[Stored entries]
--- START ---

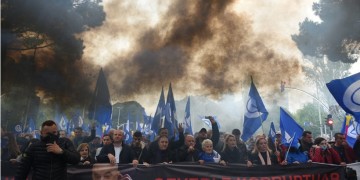 Αλβανία: Βίαια επεισόδια και τραυματίες σε διαδήλωση κατά του Ράμα (βίντεο)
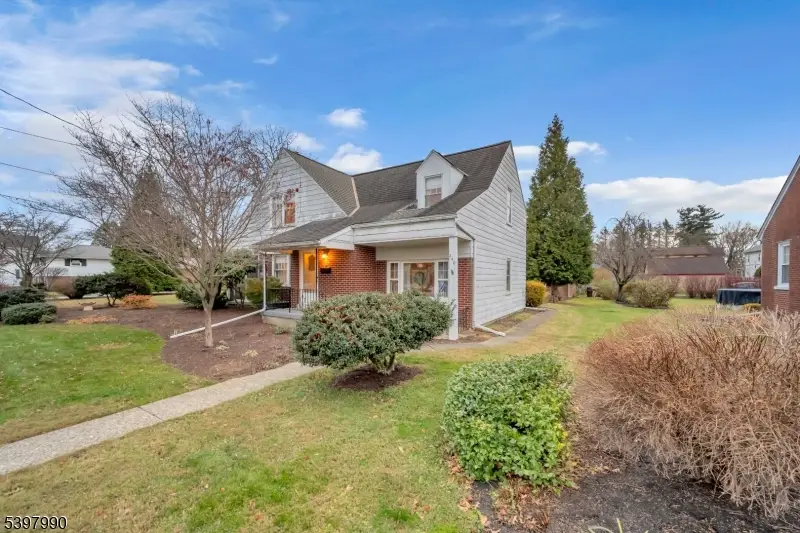 240 Aurora St, Delaware Park, NJ 08865 - Image #1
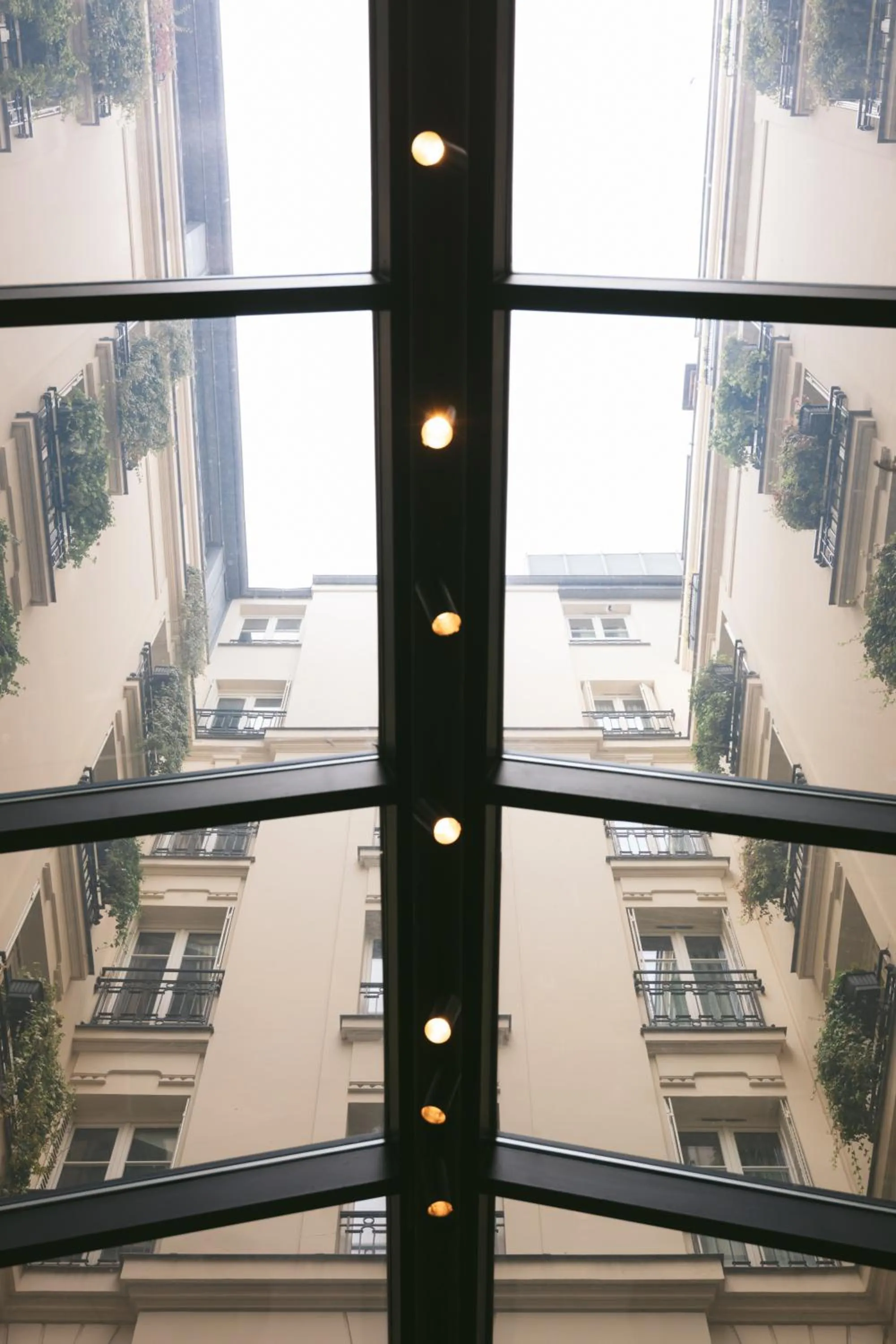 Restaurant/places to eat in Hotel Bachaumont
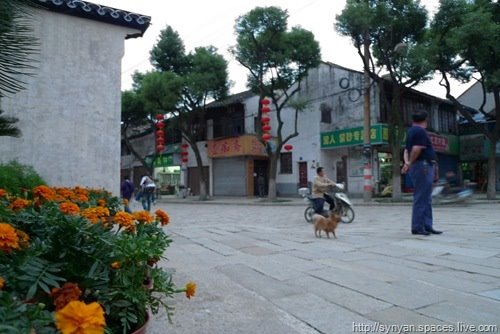 Ancient Heng-jie Street / 修缮后的横街 by John Shen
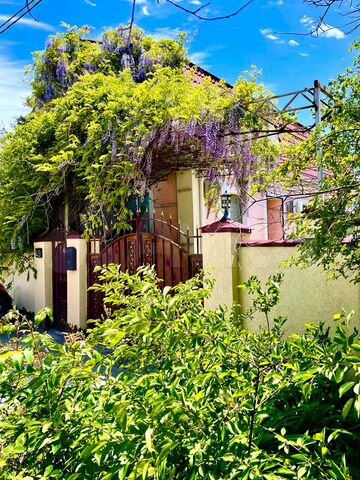 Дом 180 м² на участке 6 сот.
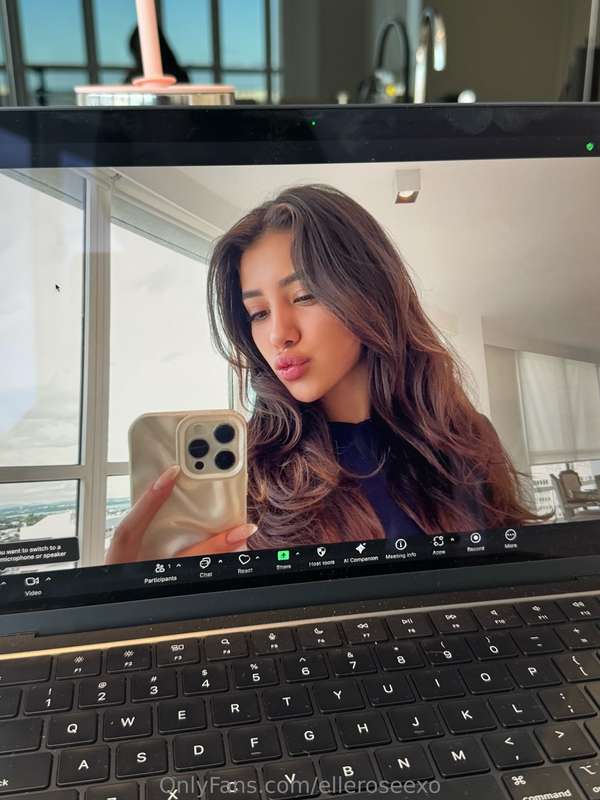 Sending kisses your way… hope you catch them😘💋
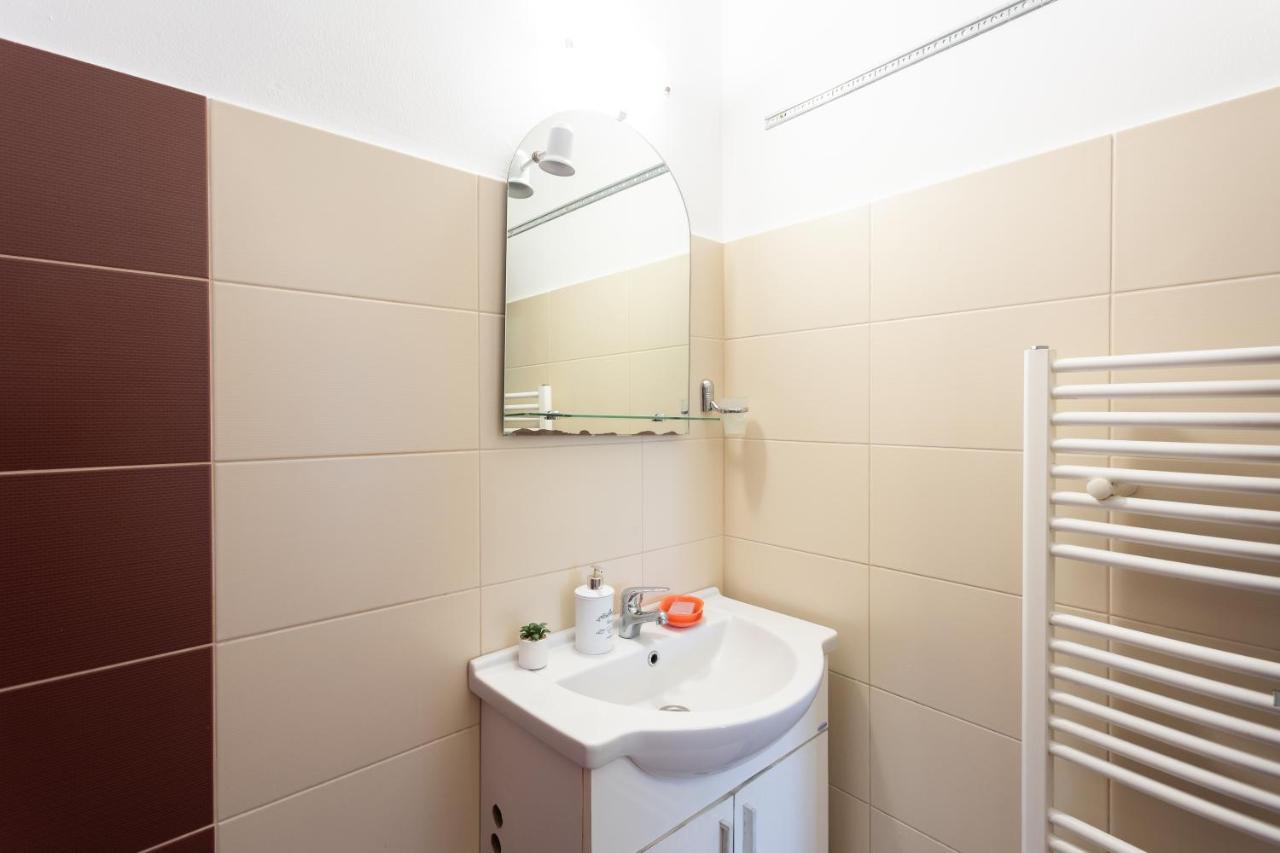 Central Apartment Târgu-Mureş Екстериор снимка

--- END ---

To do: A verbatim printout of the entries above is expected, free of pictures.

Answer to this exercise:
 Αλβανία: Βίαια επεισόδια και τραυματίες σε διαδήλωση κατά του Ράμα (βίντεο)
 240 Aurora St, Delaware Park, NJ 08865 - Image #1
 Restaurant/places to eat in Hotel Bachaumont
 Ancient Heng-jie Street / 修缮后的横街 by John Shen
 Дом 180 м² на участке 6 сот.
 Sending kisses your way… hope you catch them😘💋
 Central Apartment Târgu-Mureş Екстериор снимка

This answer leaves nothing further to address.